Sharon Moskowitz was murdered in her Northwest Washington home more than 15 years ago. The District of Columbia Court of Appeals heard arguments this morning on whether the jury should learn that the man arrested in her death, Frederick Morton, was believed to be a heroin addict at the time.
In a twist on usual appeals court proceedings in criminal cases, the government, not the defense, appealed District of Columbia Superior Court Judge Thomas Motley's ruling that such evidence would be unfairly prejudicial and was, as a result, inadmissible.
The case presents a new challenge to longstanding precedent on the admissibility of uncharged crimes. The court has created stiff barriers for admitting such evidence in the past, finding that its probative value is often outweighed by the prejudice it creates against a defendant.
Moskowitz was found strangled to death on Jan. 21, 1997, according to court filings. Several hours after the murder, credit cards stolen from other residents of the house were used to make purchases at a gas station and several grocery stores.
Morton was arrested in 2009 following a lengthy police investigation, based in large part on witnesses who identified him from grocery store surveillance videos. He was charged with felony murder, burglary, kidnapping and robbery.
The government’s theory was that Morton committed the burglary to support a heroin addiction, and that Moskowitz was killed when she interrupted him. Assistant U.S. Attorney Elizabeth Danello said in arguments today that elements of the crime only made sense in the context of a drug addiction, from motive to the recklessness of someone who has just committed murder using credit cards stolen from the crime scene.
One piece of evidence cited heavily by the government was an open container of orange juice found near Moskowitz’s body. The government’s theory is that Morton opened the container and drank the juice after killing Moskowitz, fueled by a need for sugary substances common among heroin addicts.
“The trial court has cut out the before, the during, and part of the after of what really happened,” she told the court.
Associate Judges Stephen Glickman and Phyllis Thompson, and Senior Judge John Steadman heard the case. Glickman told Danello that the government’s argument “troubles me.” He said he was worried that a ruling for the government would “open the doors” to admitting evidence of drug use in cases where it historically has not been allowed. Specific to this case, Glickman said he felt the drug use evidence would go more towards Morton’s “propensity” to commit crime, as opposed to proof that he committed the crime in question.

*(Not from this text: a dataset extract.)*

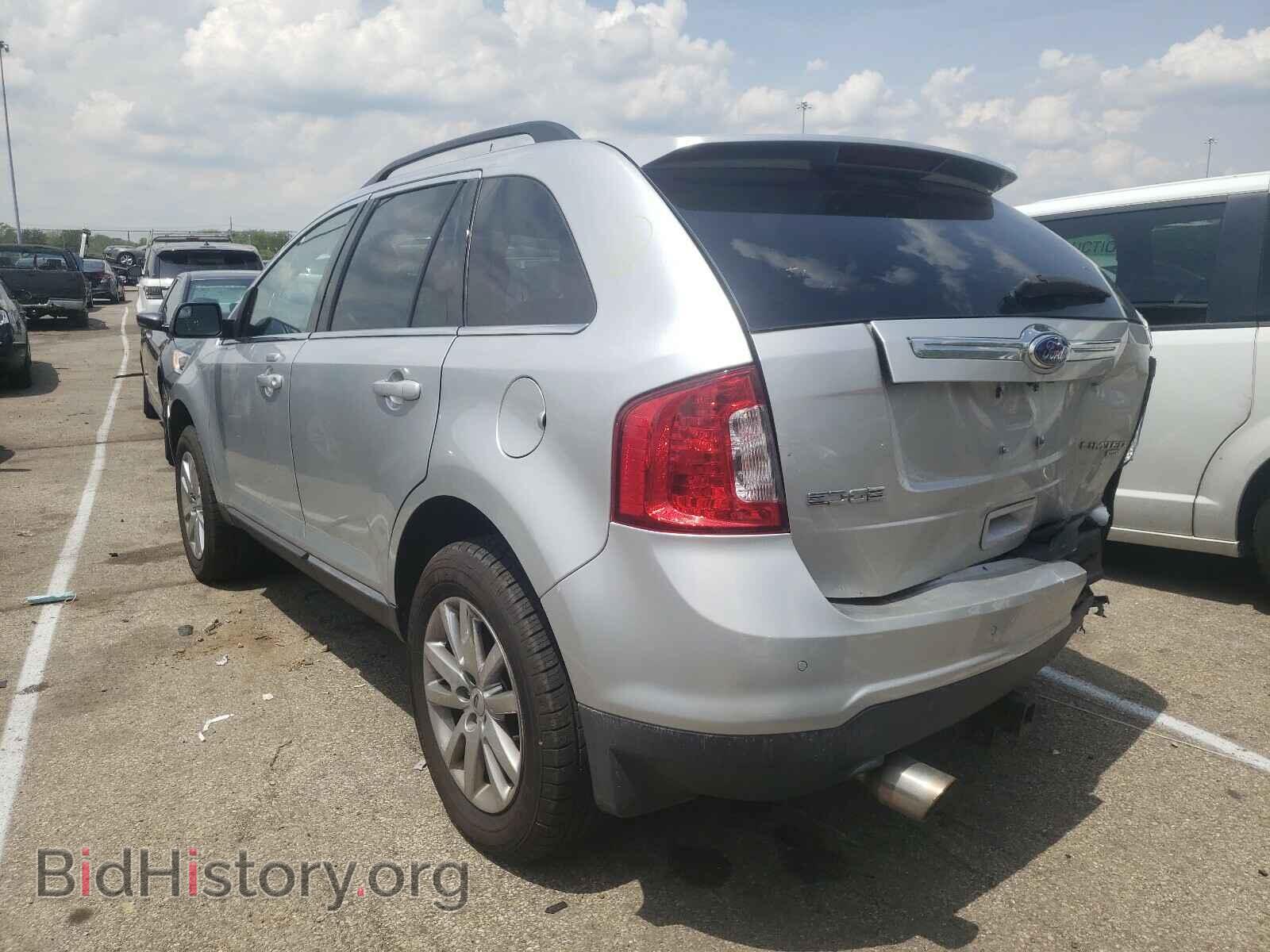 2011 FORD EDGE - VIN: 2FMDK4KC3BBB31592 - Фото 3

Jonathan Anderson of the D.C. Public Defender Service disagreed with the government’s position that Motley looked at the evidence piecemeal, as opposed to as a whole, in deciding that its probative value did not outweigh the prejudice.
Anderson said Motley did look at the evidence in its totality and correctly determined that there wasn’t enough evidence to show that a drug addict committed the crime – there could be other explanations for the orange juice, for instance – so telling the jury that Morton was an addict would only add a “highly inflammatory” element to the trial.
Steadman pressed Anderson to explain why the drug use evidence should be kept out when there was a chance the jury would reach that conclusion on their own. “You’re asking the jury to decide something where there’s a relevant fact that’s being kept from them,” he said.
Anderson said that the drug use evidence didn’t contribute enough to the overall case to be worth the prejudice against his client. The evidence that the crime was committed by a drug addict was weak, Anderson said, so telling the jury that Morton was an addict would only go to his “propensity” to commit crime.
“It adds the prejudicial impact that this court has repeatedly recognized,” he said.